- [Web page caption snippets]

=== Begin Enclosure ===

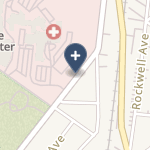 Jeanes Hospital on map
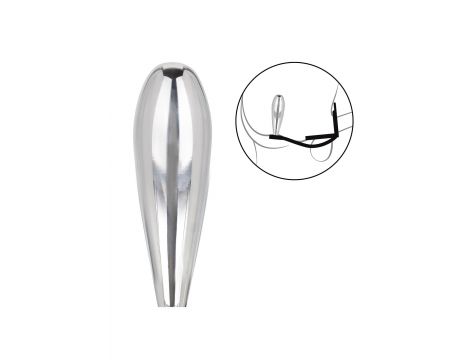 Star Fucker Glider Plug Silver - 4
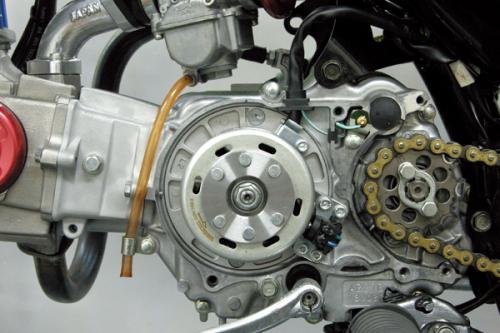 SPECIAL PARTS TAKEGAWA / スーパーストリートアウターローター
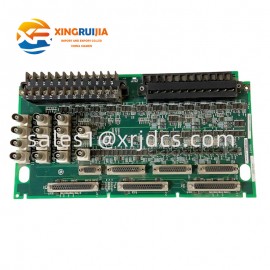 GE IS200TVIBH2B Vibration Terminal Board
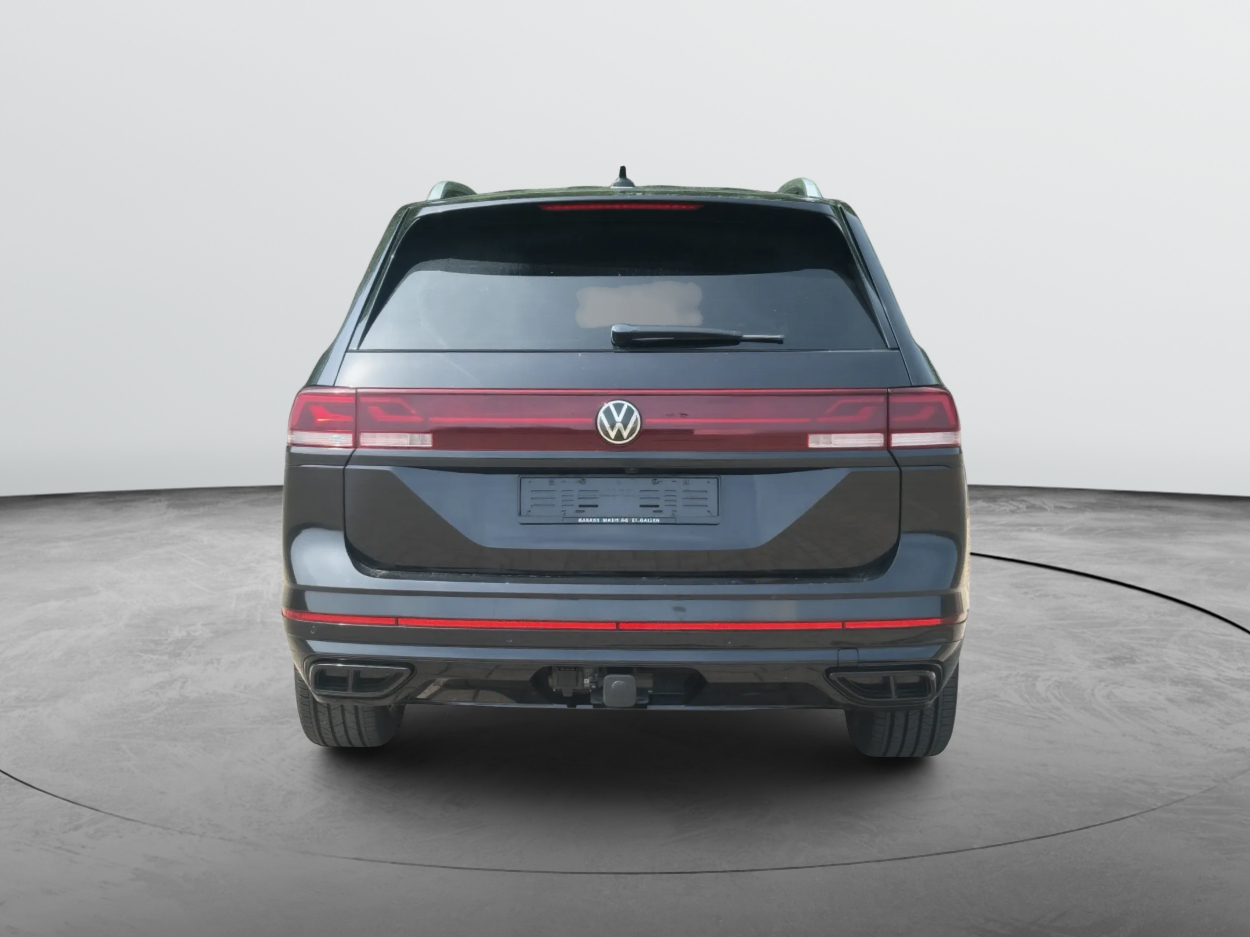 VW ATLAS 4-Motion R-Line Exceline *7 Plätzer*-image-4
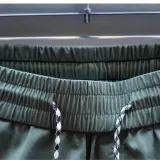 674 Флисовая подкладка, зеленый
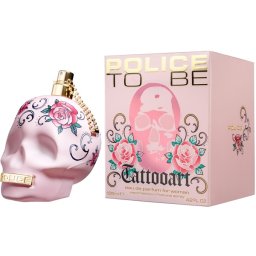 Police To Be Tattooart EDP 75ml за Жени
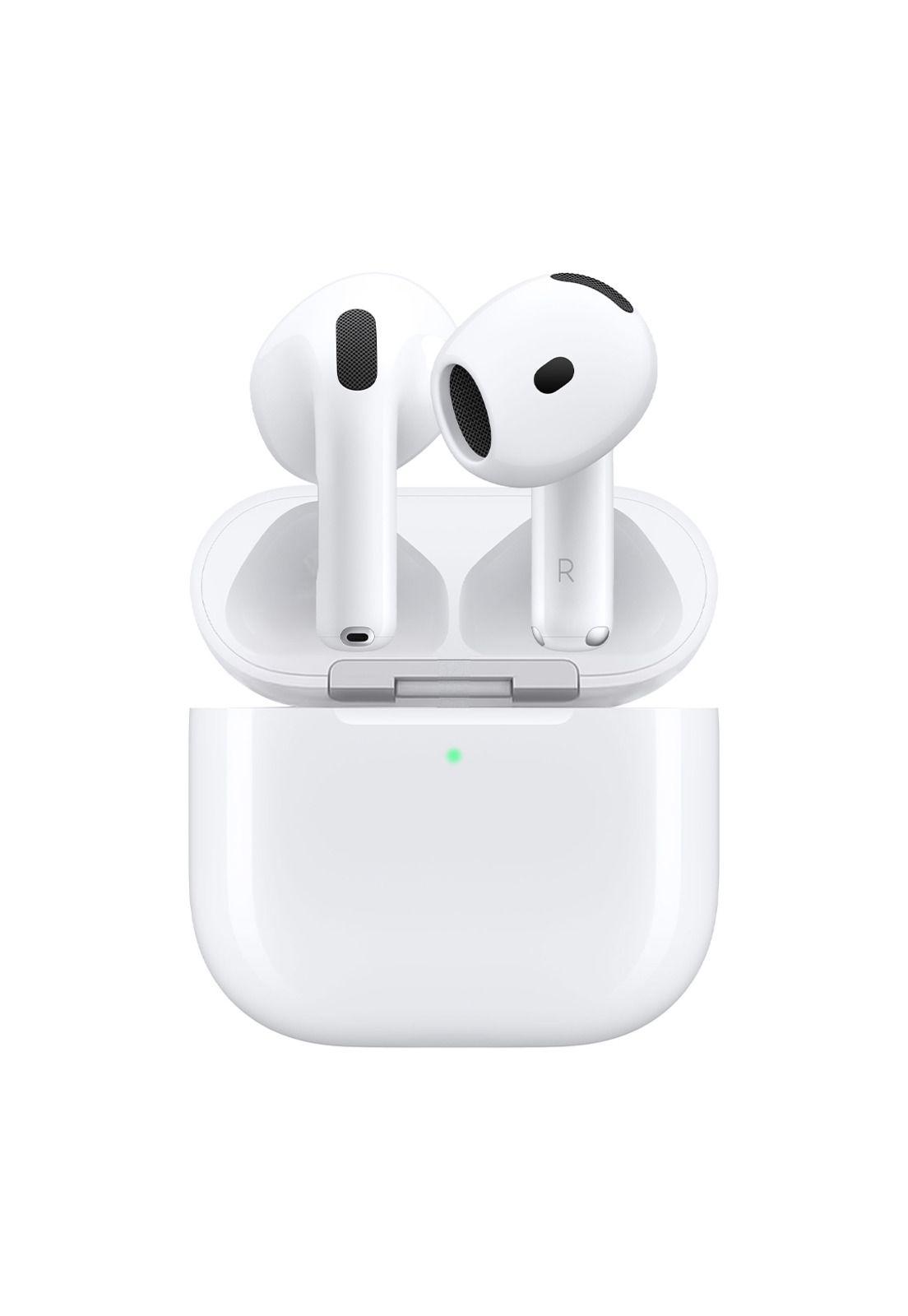 AirPods 4 con Cancelación Activa de Ruido-0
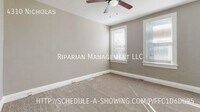4310 Nicholas Ave photo'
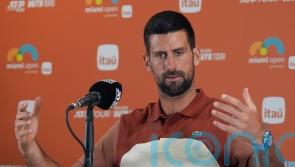 PTPA co-founder Novak Djokovic admits he disagrees with parts of tennis lawsuit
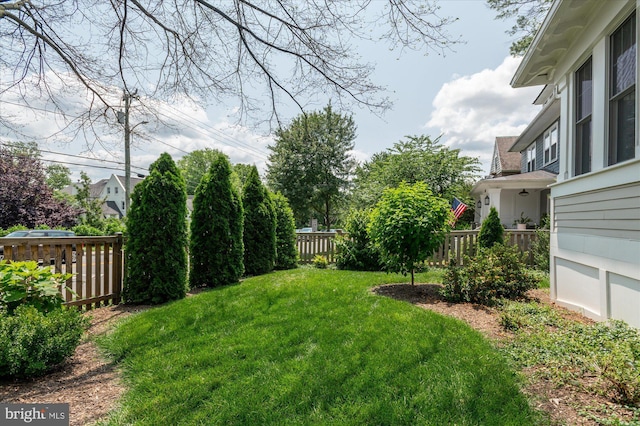 200 W Monroe Ave, Alexandria, VA 22301 - view of yard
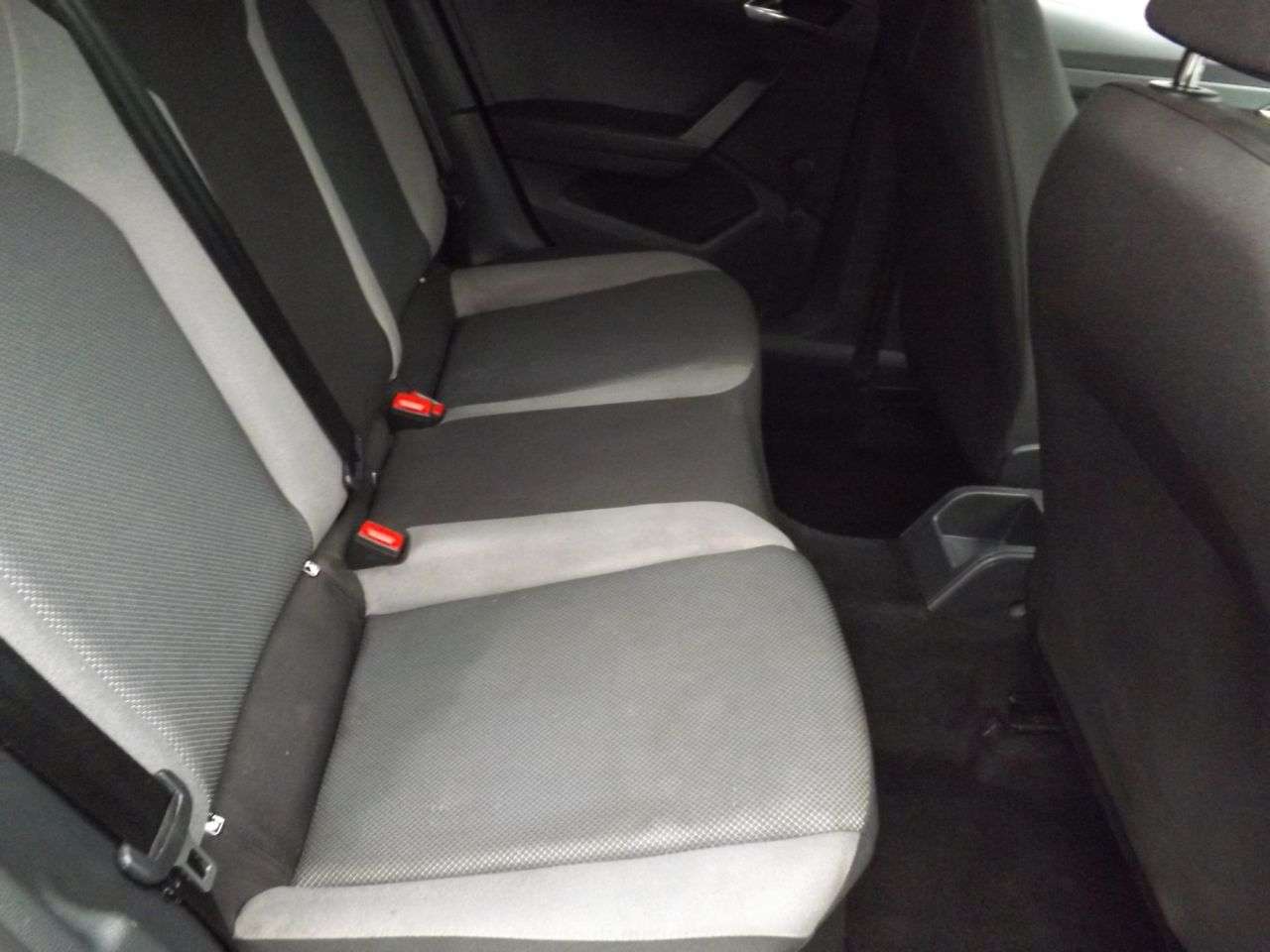 2018 SEAT IBIZA 2018 SEAT IBIZA
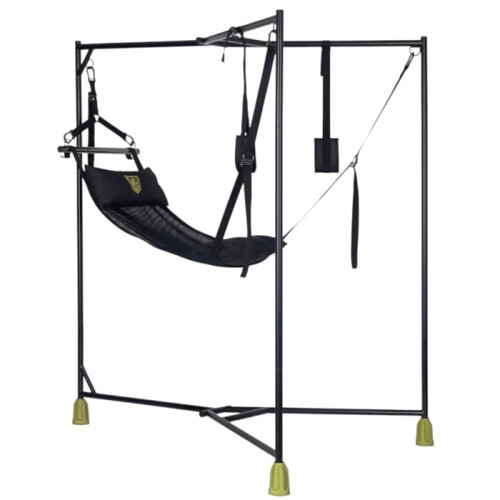 Fort Troff Hammock Hangar One Complete Sling Stand 2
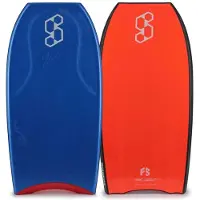 SCIENCE Shayden Pro Model 41'' Bodyboard Rot 104.14 cm Rot 104.14 cm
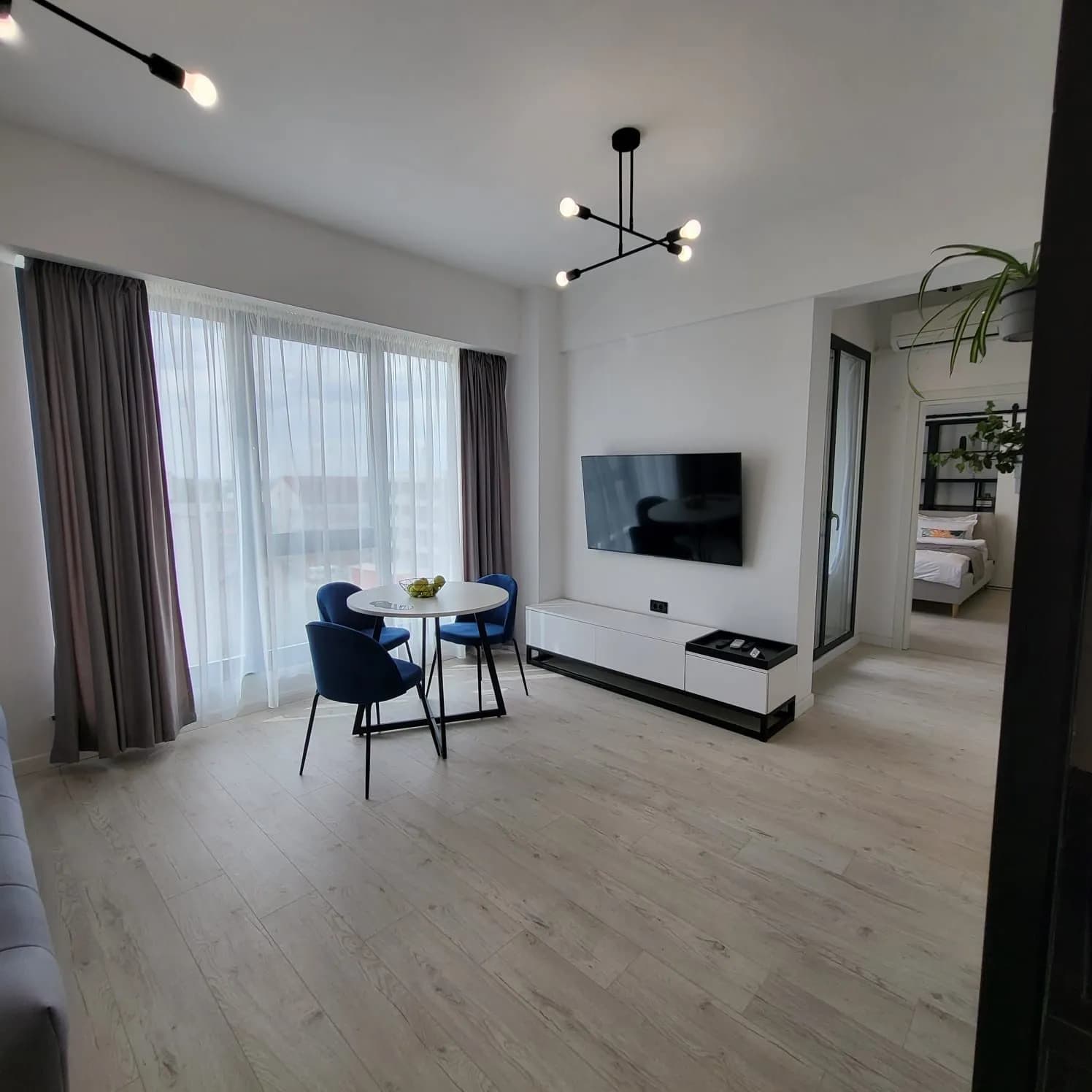 Квартира в Constanta, 2 комн., 57 м² — фото 2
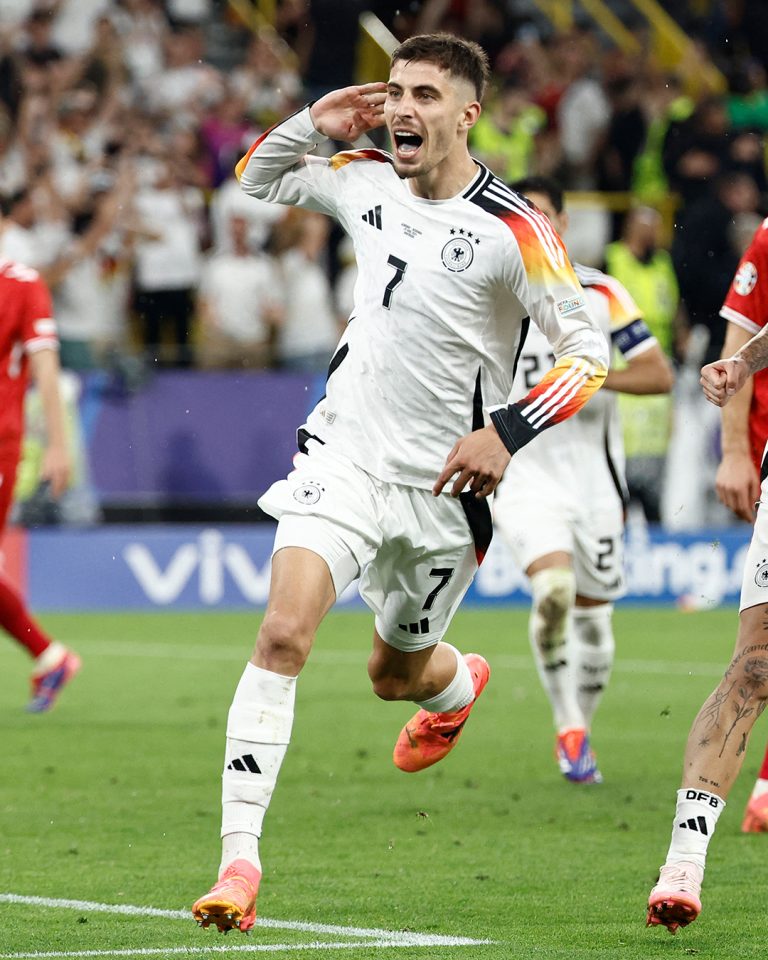 Germany’s Triumph: Quarter-Finals Beckon After Dramatic Win Over Denmark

=== End Enclosure ===

Set down word for word the lines from the opening of the entries above through the line that contains "2018 SEAT IBIZA 2018 SEAT IBIZA", and omit every picture.

- [Finished exercise]
 Jeanes Hospital on map
 Star Fucker Glider Plug Silver - 4
 SPECIAL PARTS TAKEGAWA / スーパーストリートアウターローター
 GE IS200TVIBH2B Vibration Terminal Board
 VW ATLAS 4-Motion R-Line Exceline *7 Plätzer*-image-4
 674 Флисовая подкладка, зеленый
 Police To Be Tattooart EDP 75ml за Жени
 AirPods 4 con Cancelación Activa de Ruido-0
4310 Nicholas Ave photo'
 PTPA co-founder Novak Djokovic admits he disagrees with parts of tennis lawsuit
 200 W Monroe Ave, Alexandria, VA 22301 - view of yard
 2018 SEAT IBIZA 2018 SEAT IBIZA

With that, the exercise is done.